LNQ Challenge 2023: Learning Mediastinal Lymph Node Segmentation with a Probabilistic Lymph Node Atlas

TL;DR

Mediastinal lymph node segmentation on CT is hindered by poor contrast, variable node morphology, and partial annotations. The paper introduces a probabilistic lymph node atlas and atlas-to-patient distance priors, integrated into an enhanced nnU-Net with PA-weighted loss and post-processing, plus strong, domain-generalizing augmentations and oversampling of fully annotated data. Ablation shows priors alone provide limited gains, while combining priors with full annotations and augmentation yields the largest improvements; semi-supervised attempts did not improve performance. The best 5-model ensemble with post-processing achieves a Dice score of $0.6033$ and identifies $57\%$ of ground-truth LNs, highlighting the value of anatomical priors and high-quality annotations for challenging medical segmentation tasks, with code available at the provided repository.

Abstract

The evaluation of lymph node metastases plays a crucial role in achieving precise cancer staging, influencing subsequent decisions regarding treatment options.

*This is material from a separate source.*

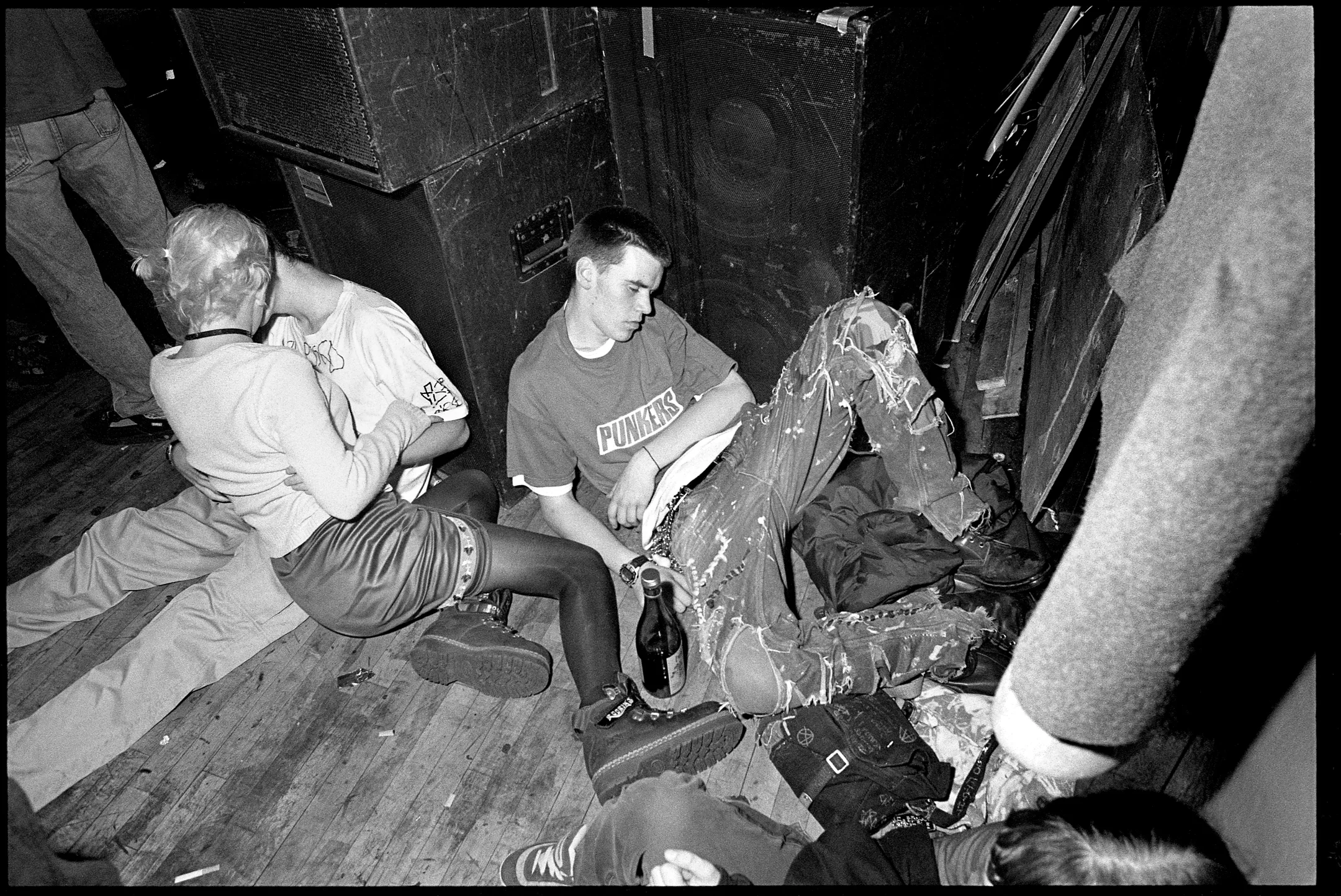 ©Ricky Adam Photo.com-13.jpg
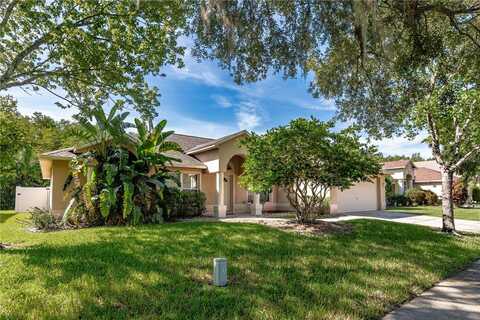 2054 DERBY GLEN DRIVE, ORLANDO, FL 32837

Lymph node detection poses challenges due to the presence of unclear boundaries and the diverse range of sizes and morphological characteristics, making it a resource-intensive process. As part of the LNQ 2023 MICCAI challenge, we propose the use of anatomical priors as a tool to address the challenges that persist in mediastinal lymph node segmentation in combination with the partial annotation of the challenge training data. The model ensemble using all suggested modifications yields a Dice score of 0.6033 and segments 57% of the ground truth lymph nodes, compared to 27% when training on CT only. Segmentation accuracy is improved significantly by incorporating a probabilistic lymph node atlas in loss weighting and post-processing. The largest performance gains are achieved by oversampling fully annotated data to account for the partial annotation of the challenge training data, as well as adding additional data augmentation to address the high heterogeneity of the CT images and lymph node appearance. Our code is available at https://github.com/MICAI-IMI-UzL/LNQ2023.

Figures (6)

• Figure 1: Visualization of the training pipeline.
• Figure 2: Distance maps overlaid over CT for example patients in axial, sagittal, and coronal view. Here, the contrasts of the distance map are set in a way that the contour of the same distance value for both patients is visualized in red. The reference point from which distances are measured is marked with a red cross. The distances are measured in the coordinate system of the atlas patient, thus, the contours show a deformed circle.
• Figure 3: Probabilistic lymph node atlases overlaid over CT for example patients in axial, sagittal, and coronal view.
• Figure 4: Learning curves for a semi-supervised approach. The blue and red curve show the train and the validation loss respectively. The green line is a moving average of the Dice metric. At 2,000 epochs, that is half training time, semi-supervised training starts.
• Figure 5: Probabilities for lymph node occurrence created from (a) the train, (b) the validation, and (c) the test dataset. The probabilities range from 0 to 0.85, the according color map is displayed on the right.